**** DATA SEGMENT

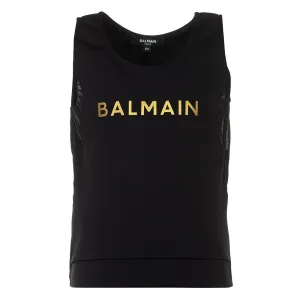 Balmain Logo Print Sleeveless Top Black 14Y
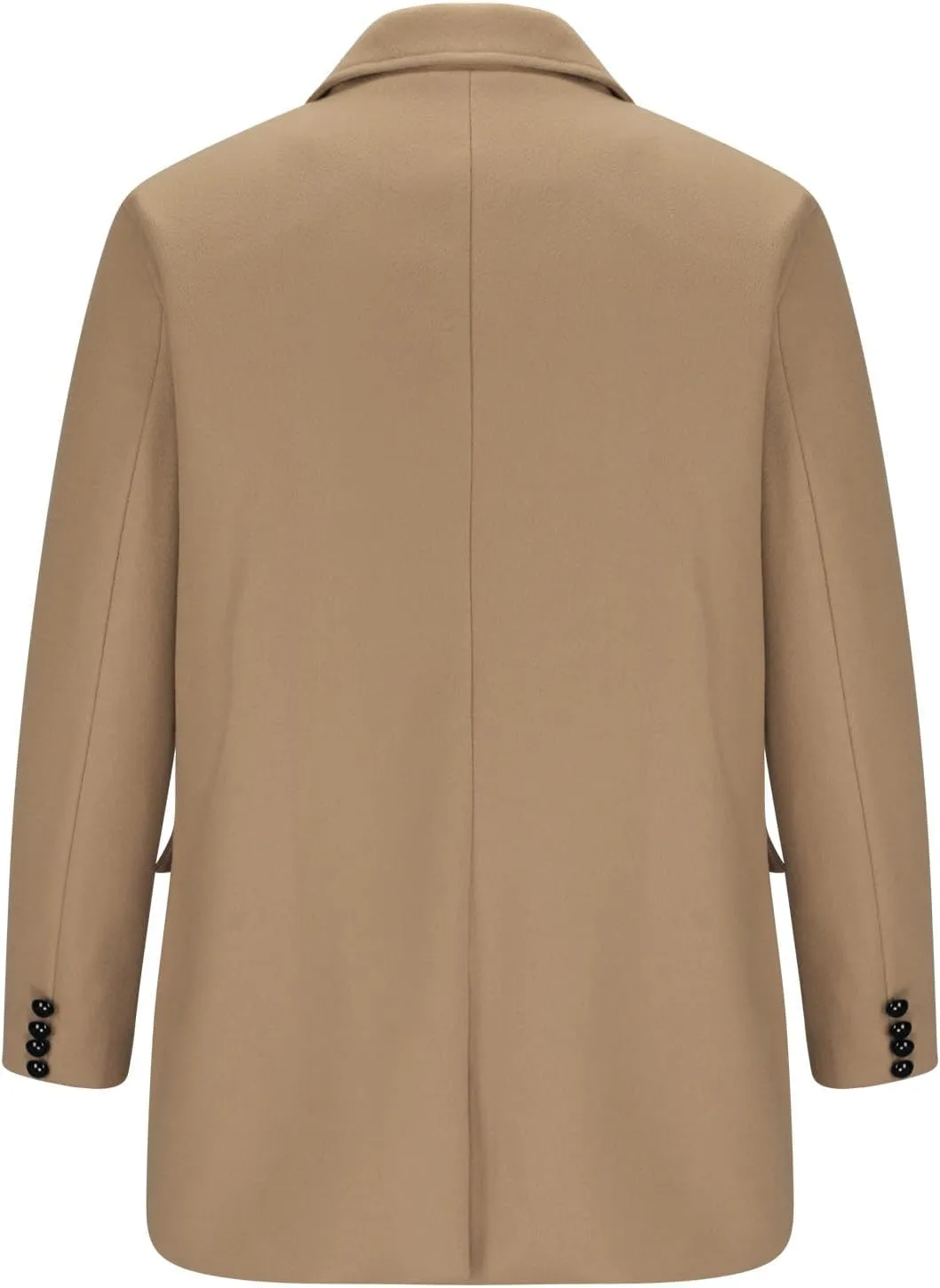 Dgoopd Men's Wool Blend Trench Coat Double Breasted Coat Notch Lapel Jacket Open Front Cardigan Mid Length Pea Coat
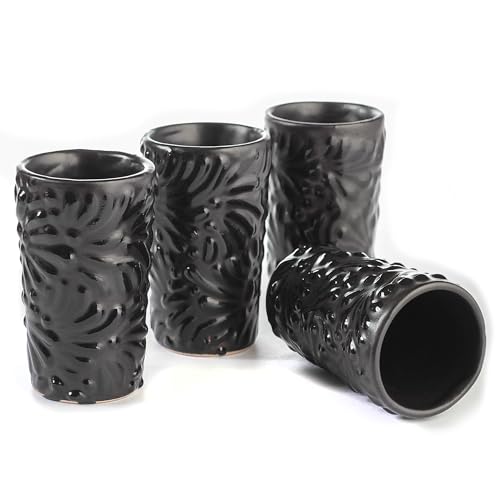 Image of Talavera Shot Glasses Set of 4 Authentic Mexican Tequila Shot Glasses - Hand-painted - 2 Oz (Black Shadow)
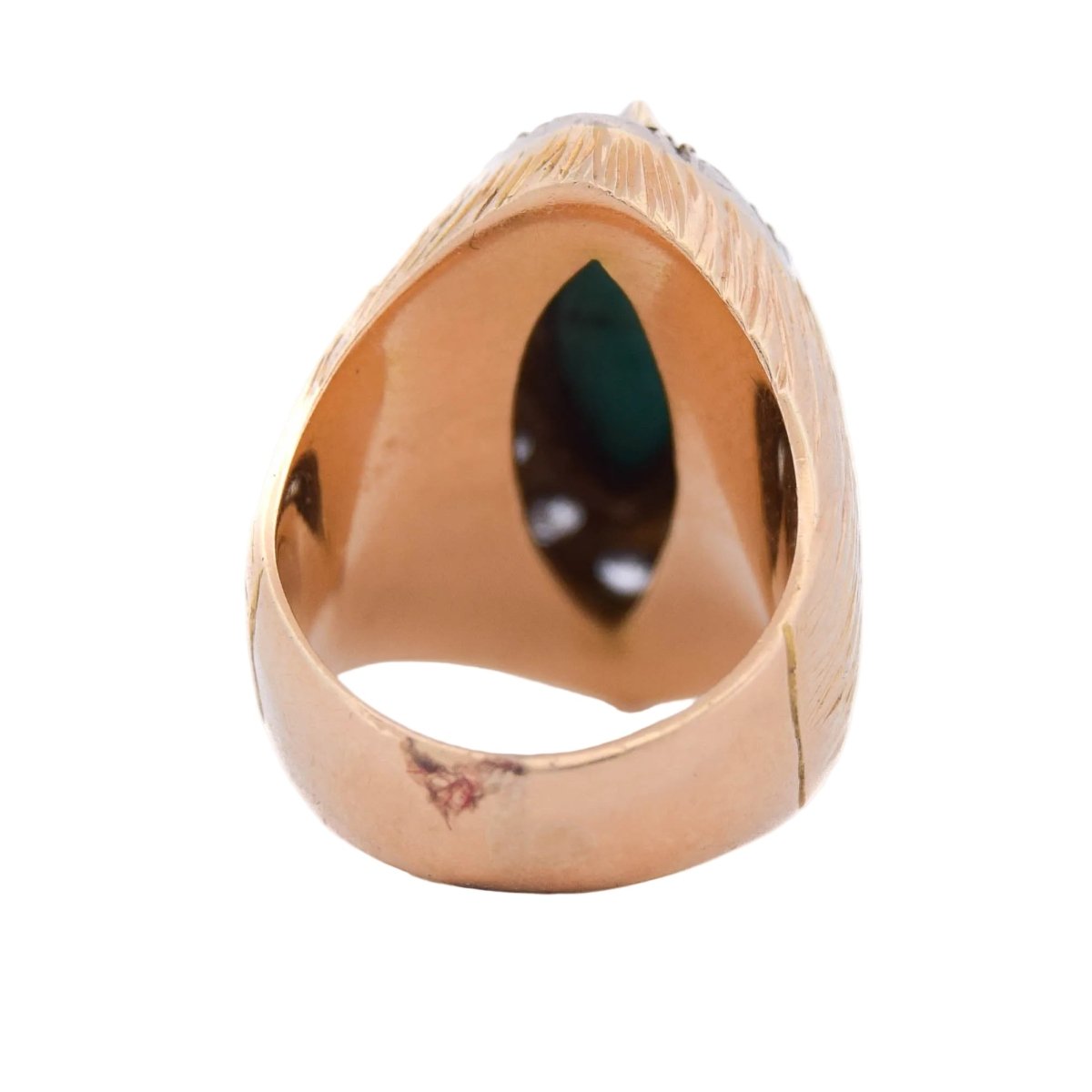 Bague Cocktail en or jaune, turquoise et diamants - Castafiore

********

▶ [EXERCISE GOAL]:
With the images removed, reproduce all the material above word for word.

▶ [ANSWER TO THIS TASK]:
 Balmain Logo Print Sleeveless Top Black 14Y
 Dgoopd Men's Wool Blend Trench Coat Double Breasted Coat Notch Lapel Jacket Open Front Cardigan Mid Length Pea Coat
 Image of Talavera Shot Glasses Set of 4 Authentic Mexican Tequila Shot Glasses - Hand-painted - 2 Oz (Black Shadow)
 Bague Cocktail en or jaune, turquoise et diamants - Castafiore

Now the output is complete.